The biggest rule to driving celebrities, though, is to just treat them like regular people!

What People Don’t Know About Limo Drivers (2/2)

People also think that limo drivers get paid really well. I don’t do too bad for myself, but it can be a struggle, especially with the rise of car-sharing apps that have options for nicer cars. Business has gone down over the last few years, but I have built up a pretty big clientele base that use me year after year, so that’s kept money coming through the door.  

Also, people assume that it’s mostly rich and famous people who use limos, but more often than not, I drive people who are just looking for that experience of being rich and famous. It’s everyday people like myself who are booking me for rides. I like these people, though, because they are so very excited to be in the limo and they make the most out of it.  

Lastly, driving a limo is hard work. You have to get people where they want to go in a timely matter but also make it entertaining. Sometimes they want to make three extra stops than we already planned and that takes navigational planning.  

Anyway, that’s a few things you may not have known about what it takes to be a limo driver!

What People Don’t Know About Limo Drivers (1/2)

Most people think that those who drive limos are experience drivers, who get paid really well, and have someone working for them to book all of their rides.  

Some of that is true for me.  

I work on my own, meaning that there is nobody in some office somewhere taking calls and telling me to go somewhere. In fact, if I were to give you my business card, the number would you lead you straight to my cell number. Obviously, this isn’t always conducive when driving people around, so I take most of my pre-book appointments through email. It’s way easier to get back to someone in between rides than trying to do business while managing traffic. Plus, my customers hate it.  

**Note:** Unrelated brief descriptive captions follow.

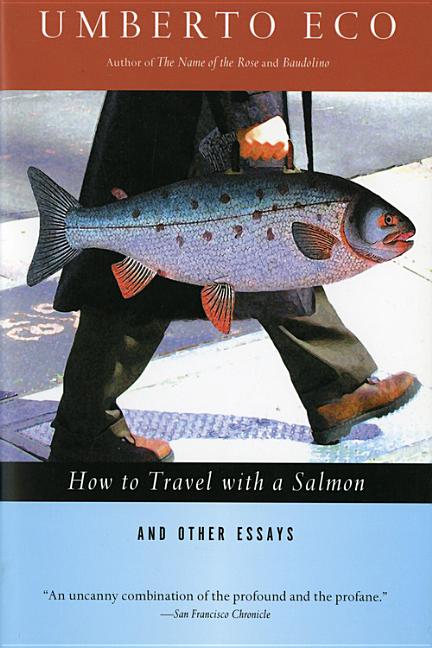 Book cover for How to Travel with a Salmon & Other Essays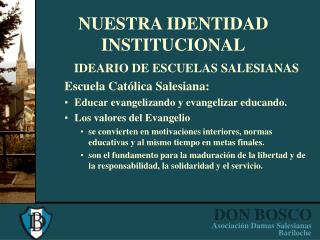 NUESTRA IDENTIDAD INSTITUCIONAL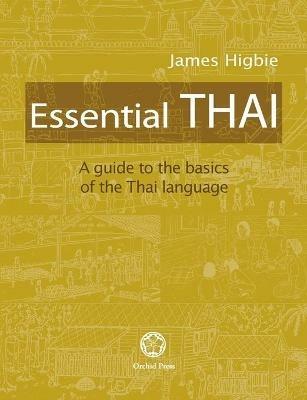 Essential Thai: A Guide to the Basics of the Thai Language [With downloadable Audio files] - James Higbie - cover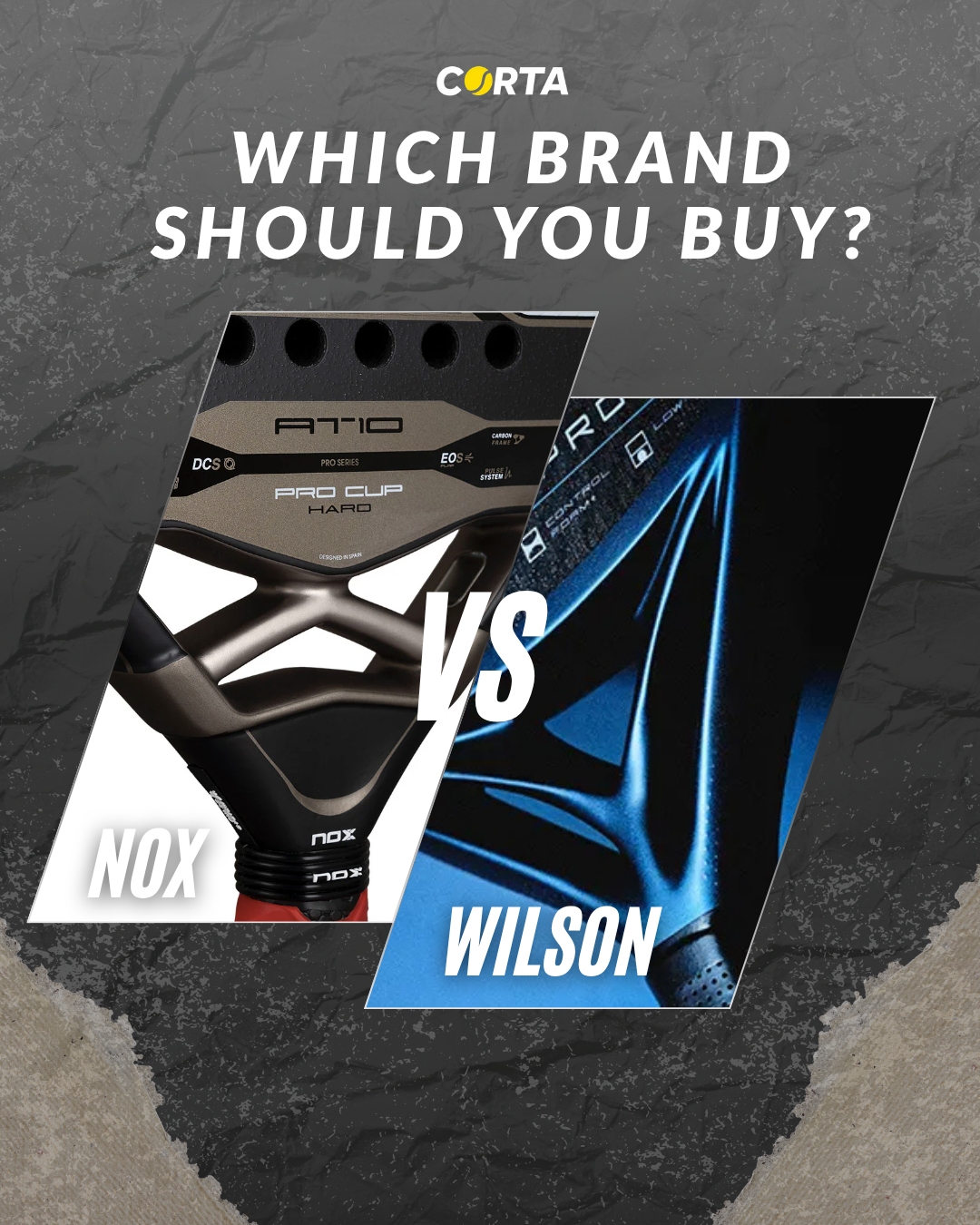Nox vs Wilson Padel Rackets: Which Brand Should You Buy?
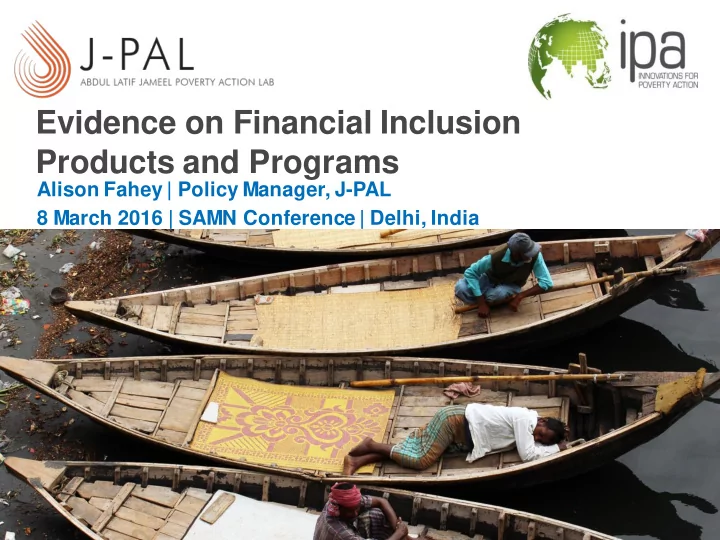 evidence on financial inclusion products and programs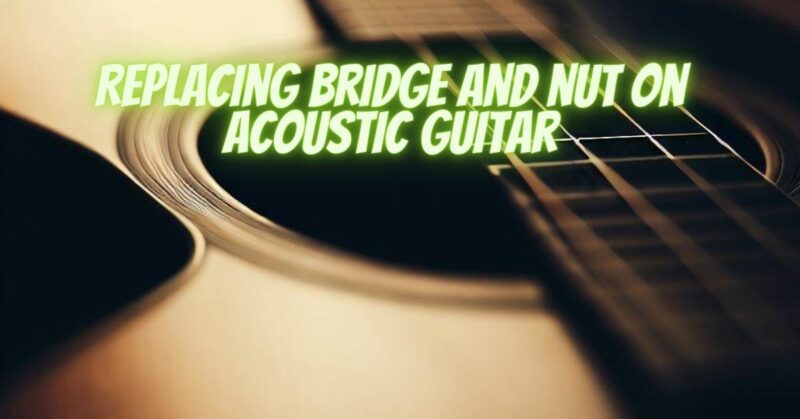 Replacing bridge and nut on acoustic guitar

In reality, though, I get most of my rides from just parking my limo outside of busy places, like airports, stadiums, hotels. and theaters. If I don’t have anything pre-booked, which is usually two or three nights a week, I check the events schedule that night and go where I think there will be the most action. Another way that I get rides is by giving a piece of my cut to bell hoppers at hotels, who hook me up with their guests. This can be kind of a pain because some want a good chunk of the fare and the tip, but it’s a good way to get constant rides when things are slow. Another way I get passengers is through referral. If one guy orders be for a bachelor party for his six single friends, there is at least one of those guys who will also be getting married soon and need a limo for his bachelor ride. I have one entire group of girlfriends who I’ve driven around every year for each of their birthdays; I practically know everything about them!